To do – Copy the records below exactly, but leave out any picture they contain.

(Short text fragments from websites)
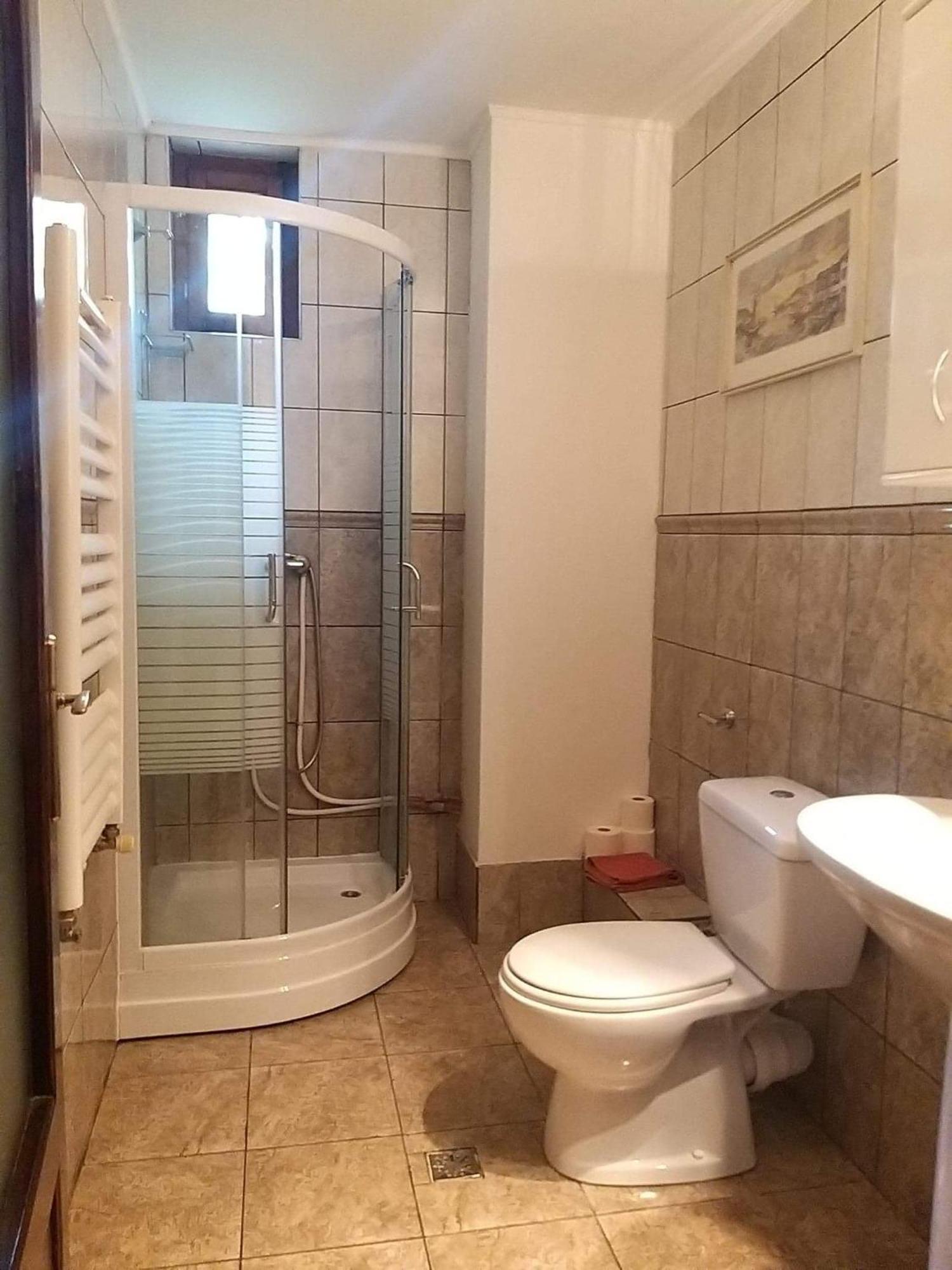 Panzio Anett Bed & Breakfast Pietroasa  Екстериор снимка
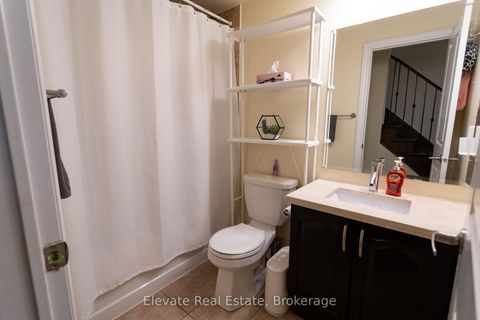 Photo 11 at 1 - 1 Hargrave Lane, York Mills, Toronto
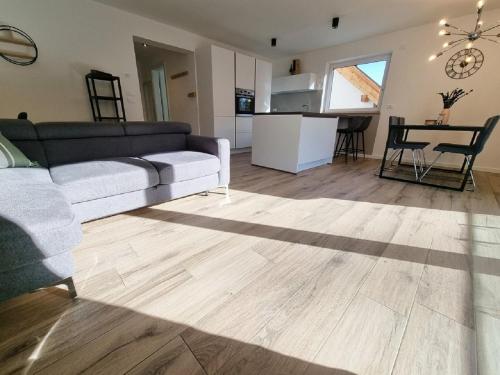 Uma área de estar em Maison Vert - Neuwertige Wohnung mit Terrasse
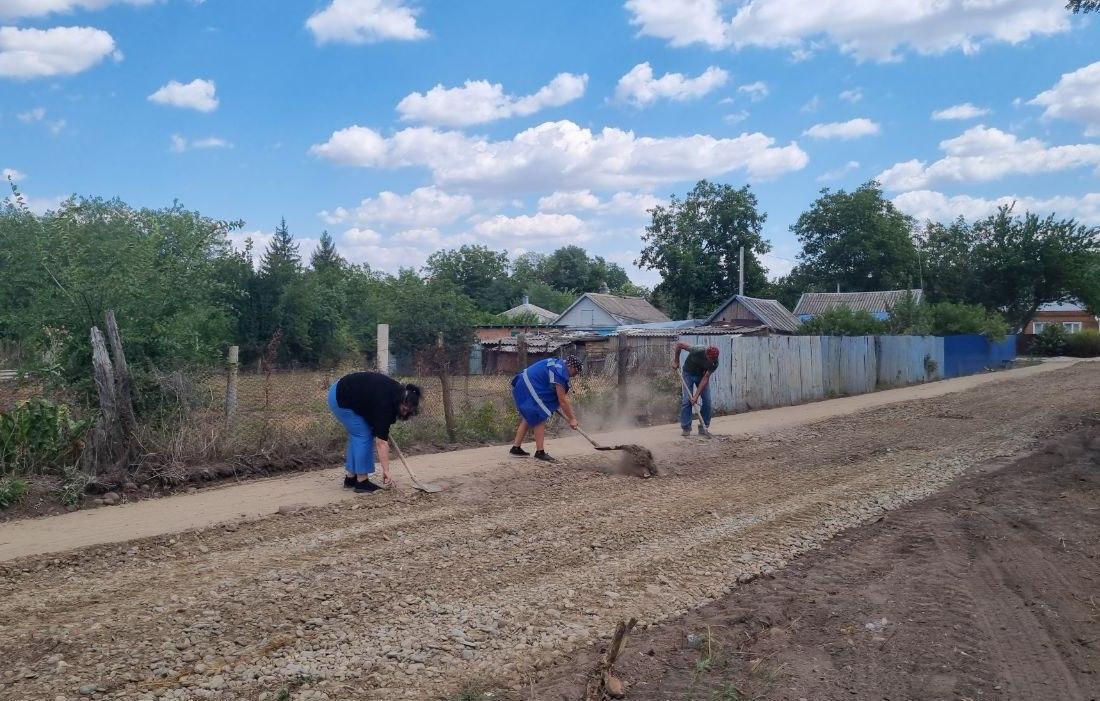 В станице Григорополисской охватят ремонтом 2,5 километра тротуаров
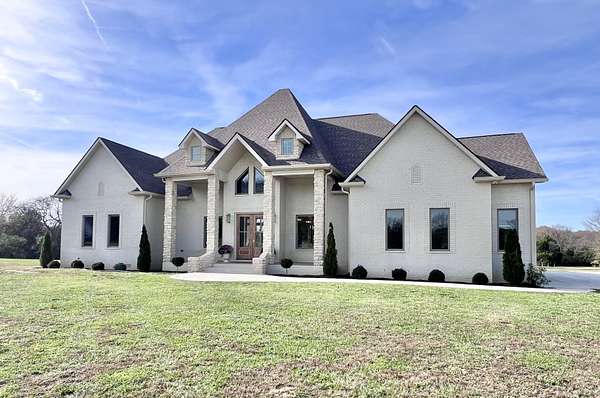 3.14 Acres of Residential Land with Home for Sale in Lebanon, Tennessee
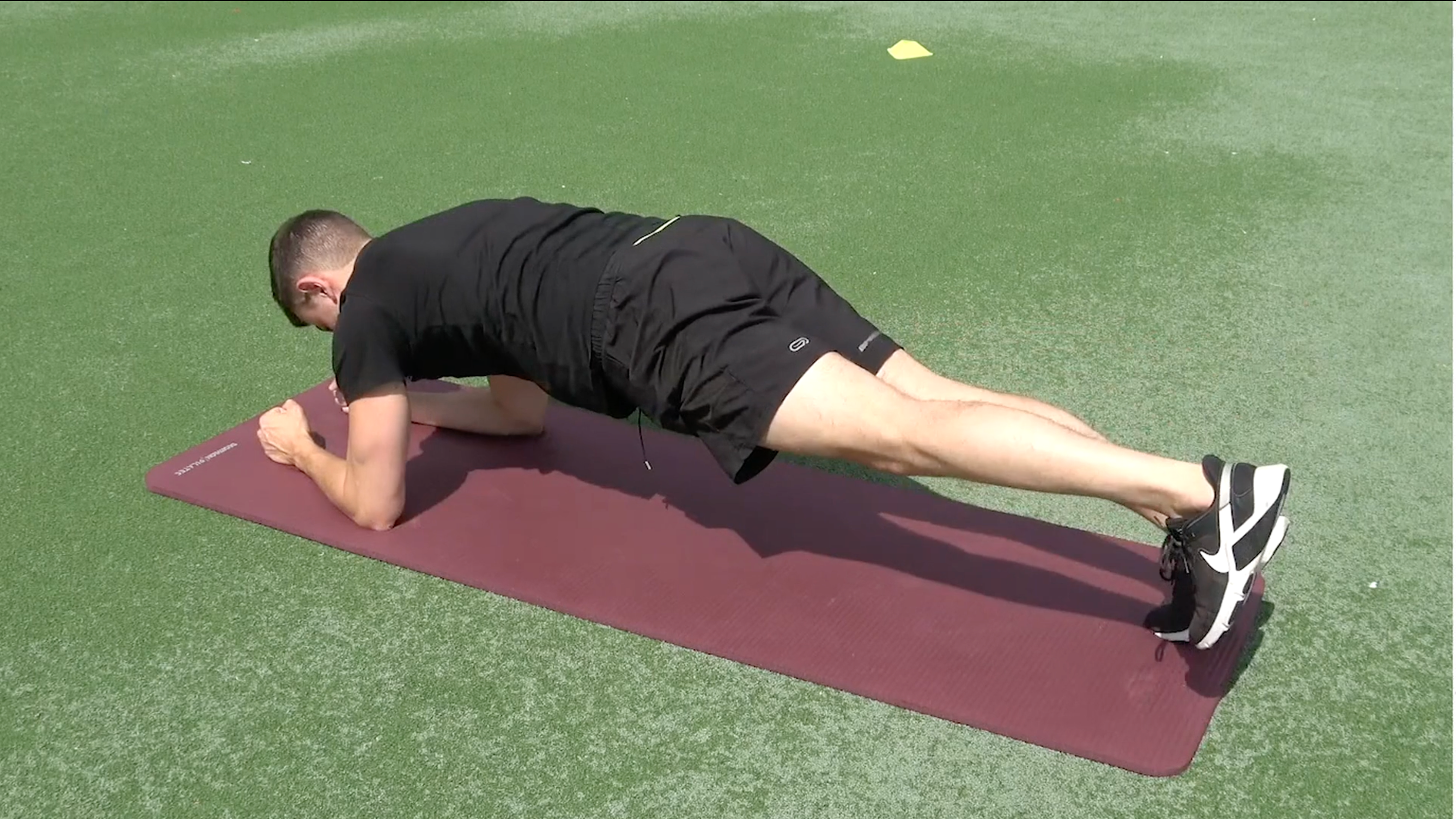 Planche, tenir une jambe levée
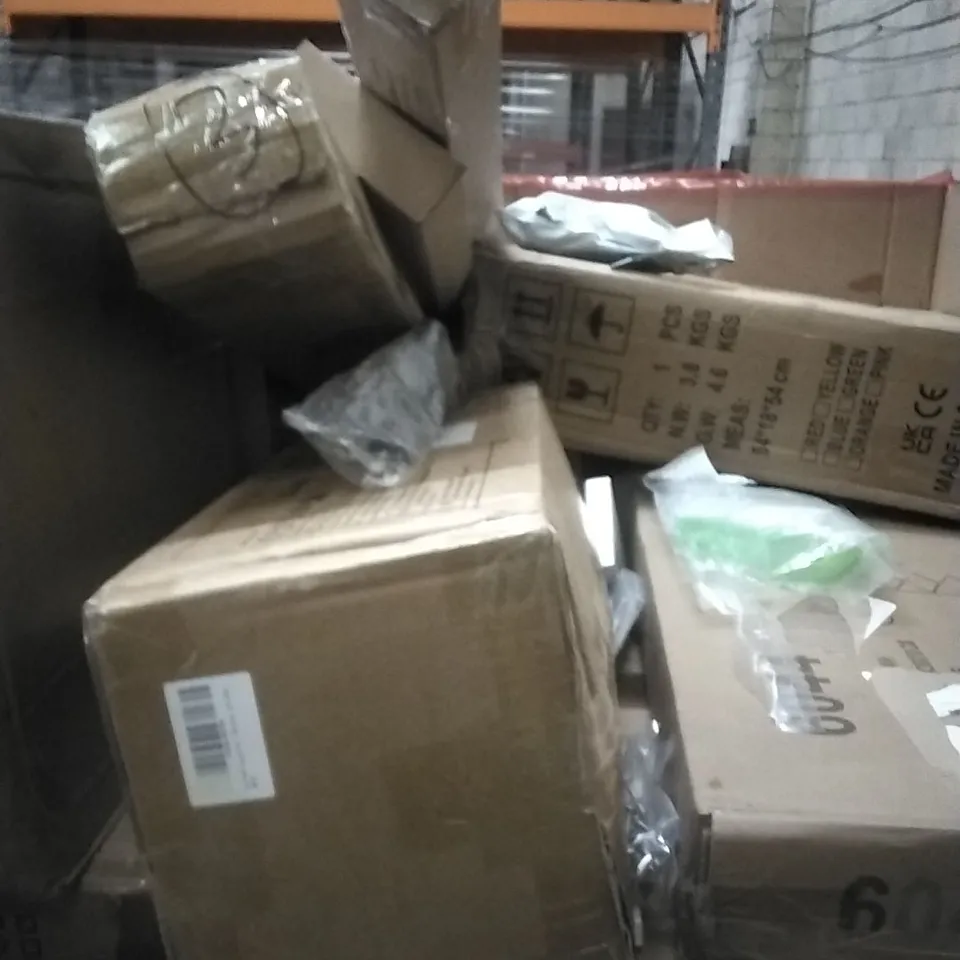 PALLET OF ASSORTED ITEMS INCLUDING - AIR FRYER OVEN,CAR FOAM SEAT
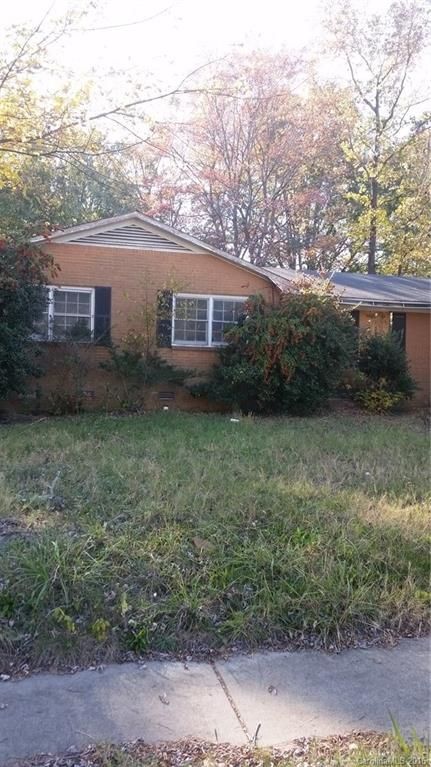 6535 Hidden Forest Dr, Charlotte, NC 28213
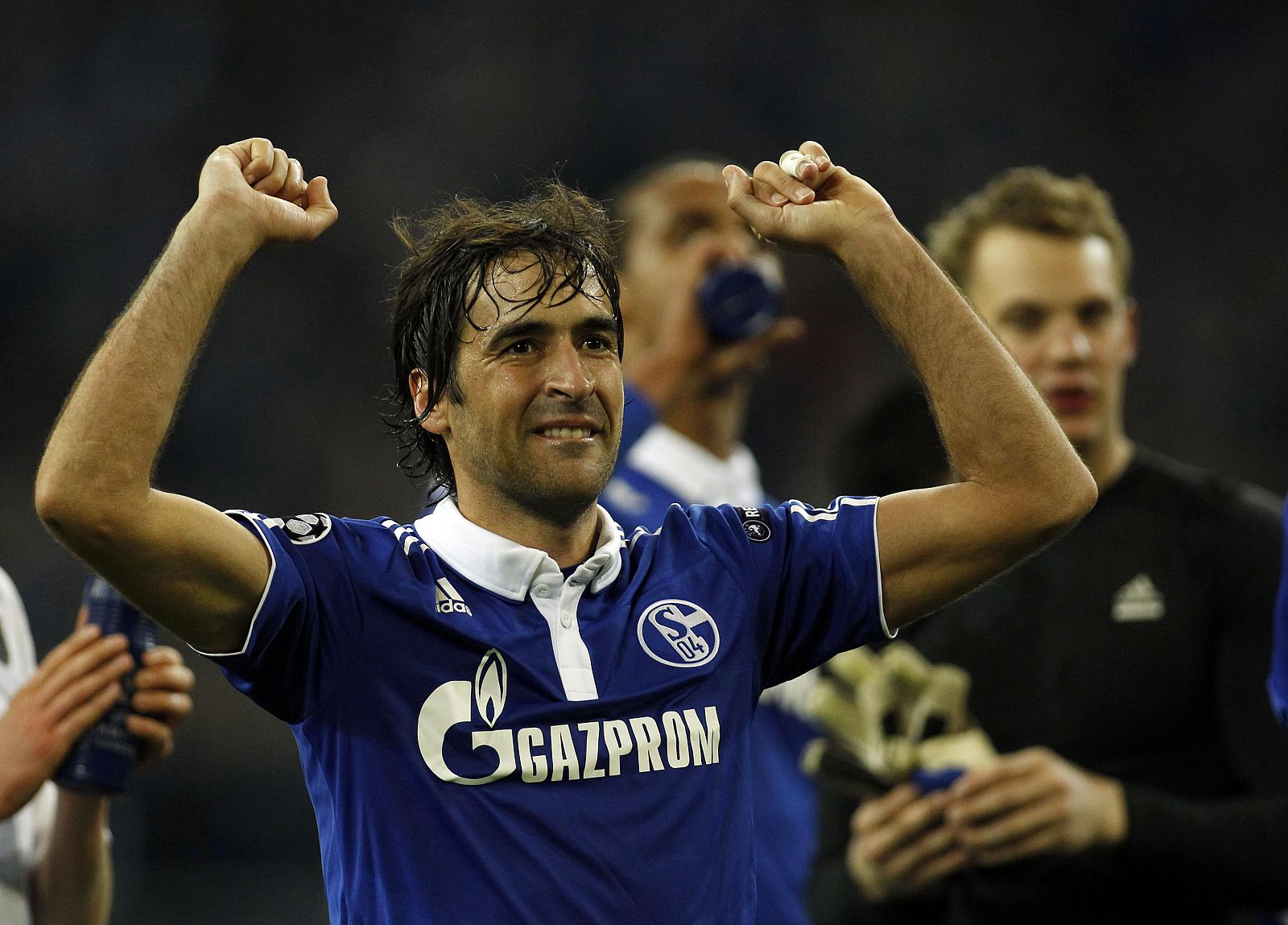 Raúl González celebra con su equipo, el Schalke 04, su victoria ante el Inter de Milán en la Champions League.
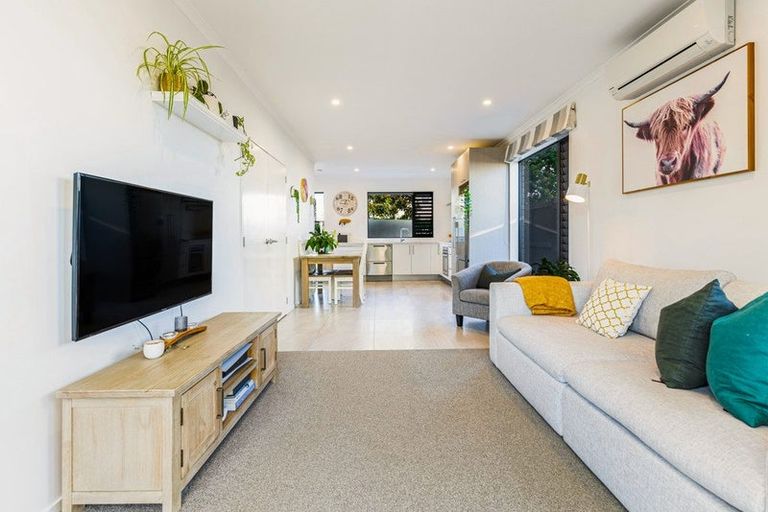 Photo of property in 24 Flounder Road, Hobsonville, Auckland, 0616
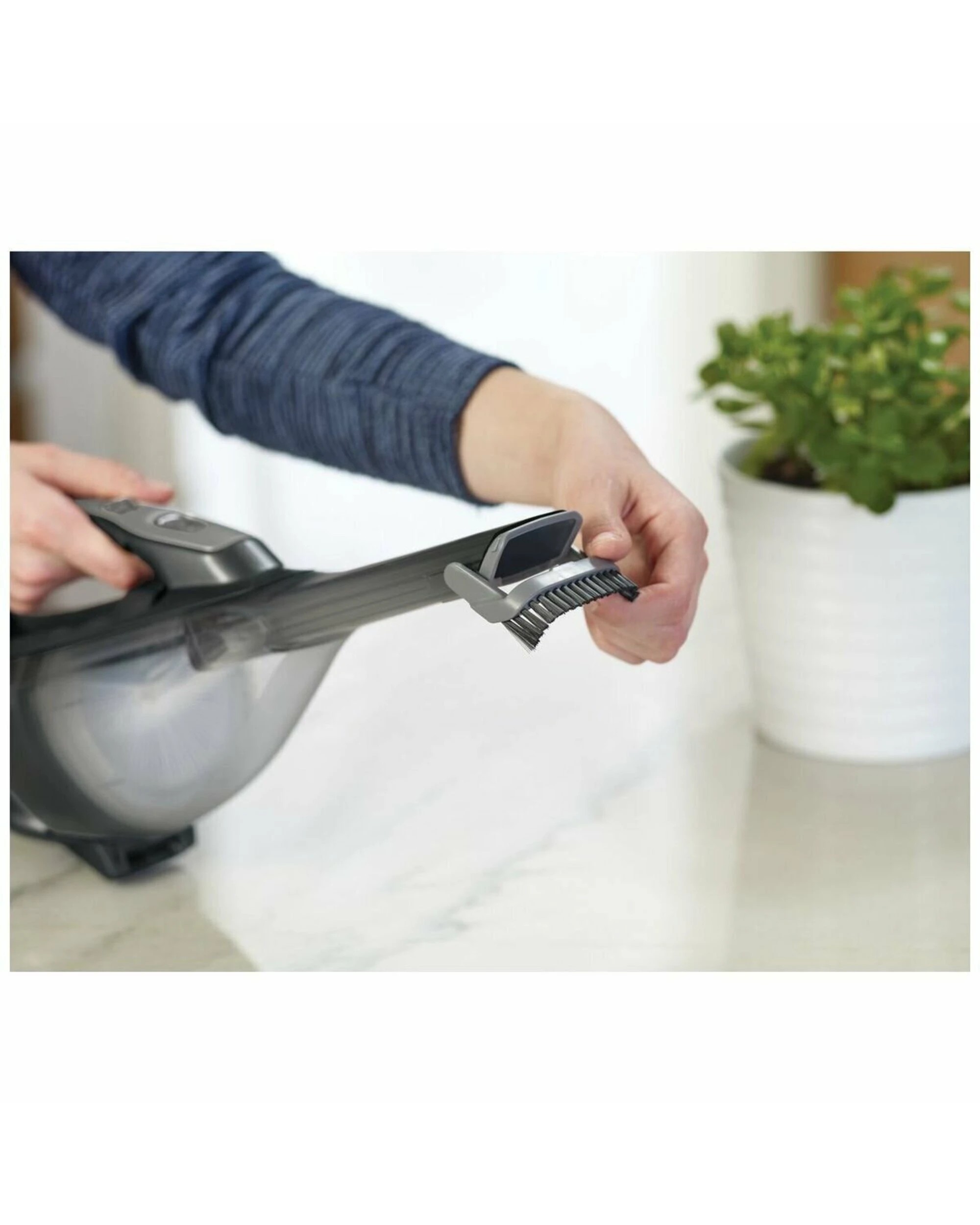 2 Black & Decker 10.8V Lithium Ion Dustbuster, 2 of 5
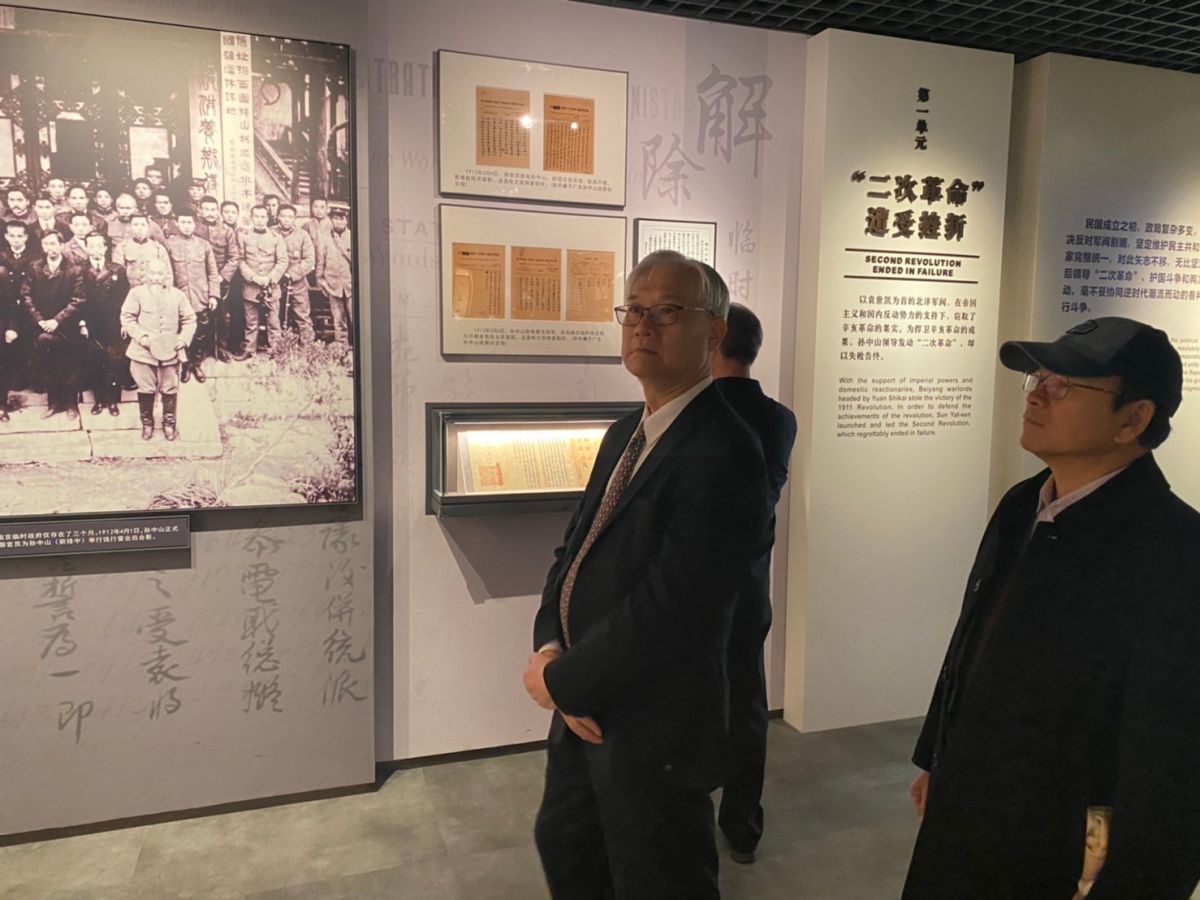 ▲夏立言今上午前往中山陵謁陵，並指出國民黨無論在大陸時期或台灣，都致力實踐國父孫中山先生三民主義建國理想。（圖／國民黨提供）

Answer space –
 Panzio Anett Bed & Breakfast Pietroasa  Екстериор снимка
 Photo 11 at 1 - 1 Hargrave Lane, York Mills, Toronto
 Uma área de estar em Maison Vert - Neuwertige Wohnung mit Terrasse
 В станице Григорополисской охватят ремонтом 2,5 километра тротуаров
 3.14 Acres of Residential Land with Home for Sale in Lebanon, Tennessee
 Planche, tenir une jambe levée
 PALLET OF ASSORTED ITEMS INCLUDING - AIR FRYER OVEN,CAR FOAM SEAT
 6535 Hidden Forest Dr, Charlotte, NC 28213
 Raúl González celebra con su equipo, el Schalke 04, su victoria ante el Inter de Milán en la Champions League.
 Photo of property in 24 Flounder Road, Hobsonville, Auckland, 0616
 2 Black & Decker 10.8V Lithium Ion Dustbuster, 2 of 5
 ▲夏立言今上午前往中山陵謁陵，並指出國民黨無論在大陸時期或台灣，都致力實踐國父孫中山先生三民主義建國理想。（圖／國民黨提供）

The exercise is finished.